The old psychologist flushed. “Secrecy! If you don’t know the academic way of life, I can’t help you. Investigations, especially those of major importance, aren’t, and can’t be, made public, until definite progress has been made. When we get back, we’ll send you copies of whatever papers we publish.”
Murry shook his head, “Uh-uh. Not enough. You’re going to Dorlis, aren’t you?”
“We’ve informed the Department of Science of that.”
“Why?”
“Why do you want to know?”
“Because it’s big, or the Board Master wouldn’t go himself. What’s this about an older civilization and a world of robots?”
“Well, then, you know.”
“Only vague notions we’ve been able to scrabble up. I want the details.”
“There are none that we know now. We won’t know until we’re on Dorlis.”
“Then I’m going with you.”
“What!”
“You see, I want the details, too.”
“Why?”
“Ah,” Murry unfolded his legs and stood up, “now you’re asking the questions. It’s no use, now. I know that the universities aren’t keen on government supervision; and I know that I can expect no willing help from any academic source. But, by Arcturus, I’m going to get help this time, and I don’t care how you fight it. Your expedition is going nowhere, unless I go with you-representing the government. “
Dorlis, as a world, is not impressive. It’s importance to Galactic economy is nil, its position far off the great trade routes, its natives backward and unenlightened, its history obscure. And yet somewhere in the heaps of rubble that clutter an ancient world, there is obscure evidence of an influx of flame and destruction that destroyed the Dorlis of an earlier day-the greater capital of a greater Federation.

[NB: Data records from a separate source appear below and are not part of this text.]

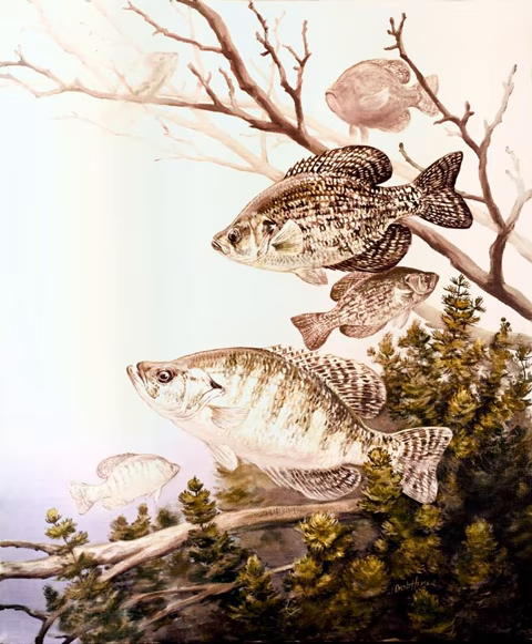Before state fisheries departments began to implement more restrictive, conservation-minded regulations, a great number of crappies — especially in the Mississippi River states — were harvested commercially in the 19th and early 20th centuries. At one point, the annual crappie catch sold at fish markets in the United States was reported to be approximately 3 million pounds. A commercial fishery for crappies existed at Reelfoot Lake in Tennessee until 2003, and was one of the few commercial fisheries for crappies in recent decades.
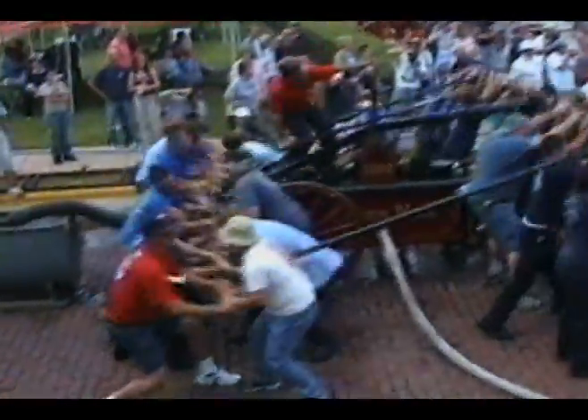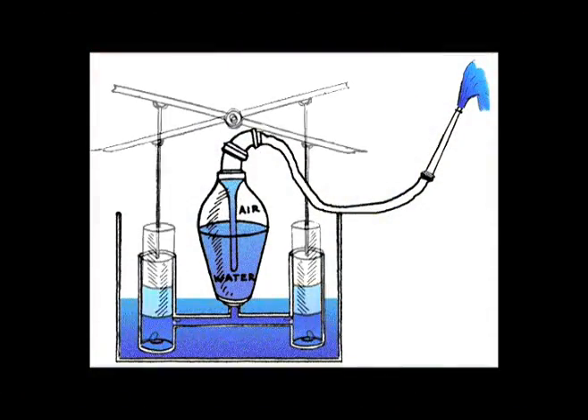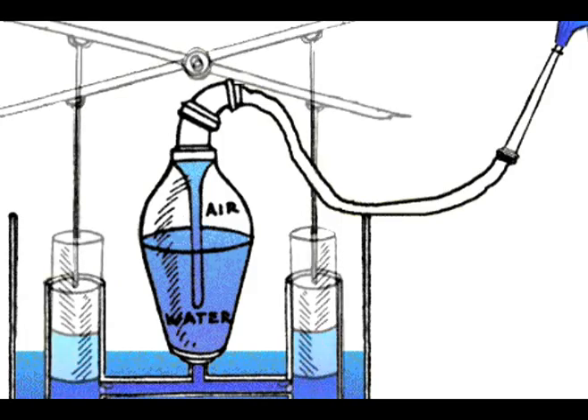When these pumping handles, called brakes, were pushed up and down, they worked a set of pistons inside the engine, which alternately suck water into the pump and then force it out into the air pressure chamber. Air trapped in this chamber creates a constant pressure and helps to even out the spurts as the water is sprayed out the hose.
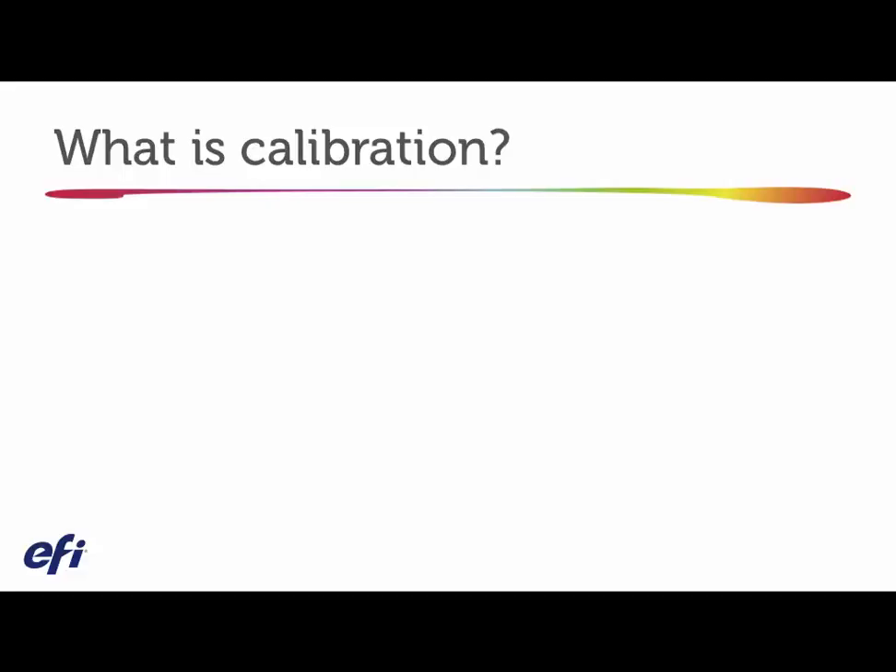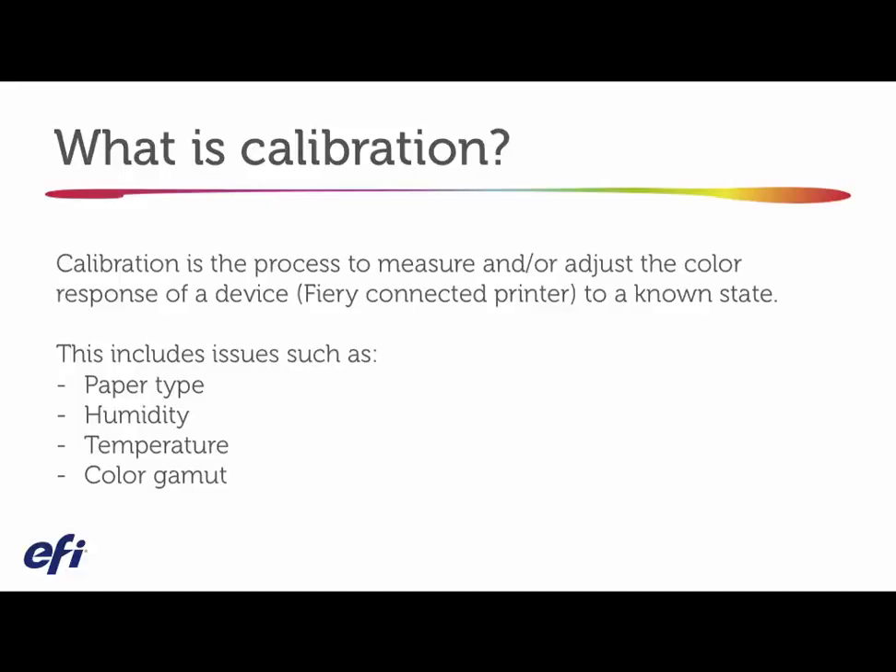What is calibration? If you look at an institution called the International Color Consortium, there is a definition of calibration that describes a process that measures or adjusts the color response of a device — in this case a Fiery connected printer — to a known state. What that means is you're adjusting the color output to take into consideration things like paper type, humidity, temperature, color gamut, or the color space of the device you're printing with.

And somewhere in that rubble, men of a newer world poked and probed and tried to understand.
The Board Master shook his head and then pushed back his grizzling hair. He hadn’t shaved in a week.
“The trouble is,” he said, “that we have no point of reference. The language can be broken, I suppose, but nothing can be done with the notation.”

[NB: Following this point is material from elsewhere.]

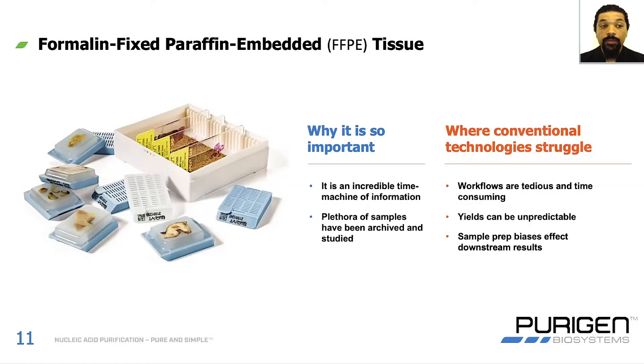Purigen has put a major focus on improving solutions for purifying nucleic acid from FFPE samples. Why are formalin-fixed paraffin-embedded tissue, or FFPE tissue samples, so important? The main reason is that they're an incredible time machine of information — you can retrieve samples that are over 20 years old, may have a complete medical history attached to them, and extract the nucleic acid to analyze with the latest sequencing technologies. There are also a huge number of archived samples available for study. But the challenge is that FFPE tissue is hard to work with: workflows are tedious, nucleic acid quality is unpredictable, and sample prep biases can affect downstream results.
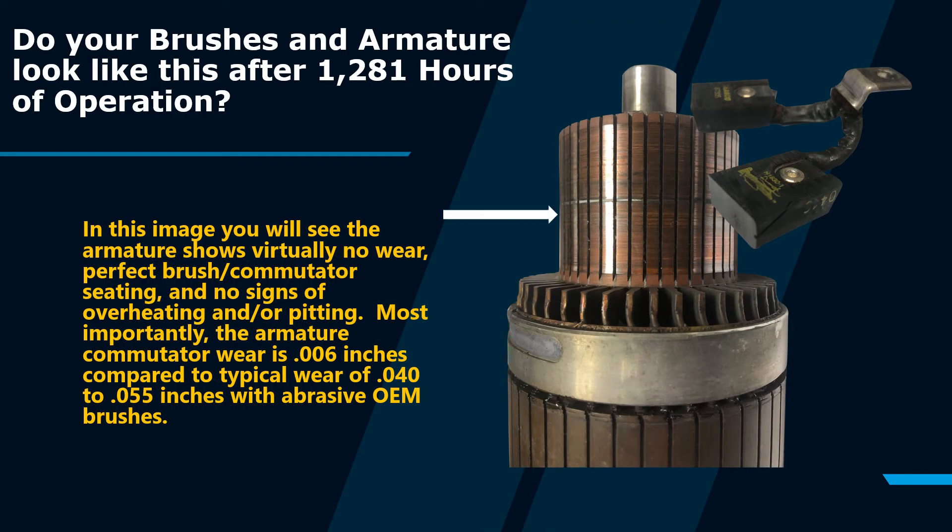In this image, you will see the armature shows practically no wear, perfect brush commutator seating, and no signs of overheating or pitting. Most importantly, the measured armature commutator wear is 0.006 inches, compared to typical wear of 0.040 to 0.055 inches with abrasive OEM brushes.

“I think a great deal has been done.”
“Stabs in the dark! Guessing games based on the translations of your albino friend. I won’t base any hopes on that.”
Brand said, “Nuts! You spent two years on the Nimian Anomaly, and so far only two months on this, which happens to be a hundred thousand times the job. It’s something else that’s getting you.” He smiled grimly. “It doesn’t take a psychologist to see that the government man is in your hair.”
The Board Master bit the end off a cigar and spat it four feet. He said slowly, “There are three things about the mule-headed idiot that make me sore. First, I don’t like government interference. Second, I don’t like a stranger sniffing about when we’re on top of the biggest thing in the history of psychology. Third, what in the Galaxy does he want? What is he after?”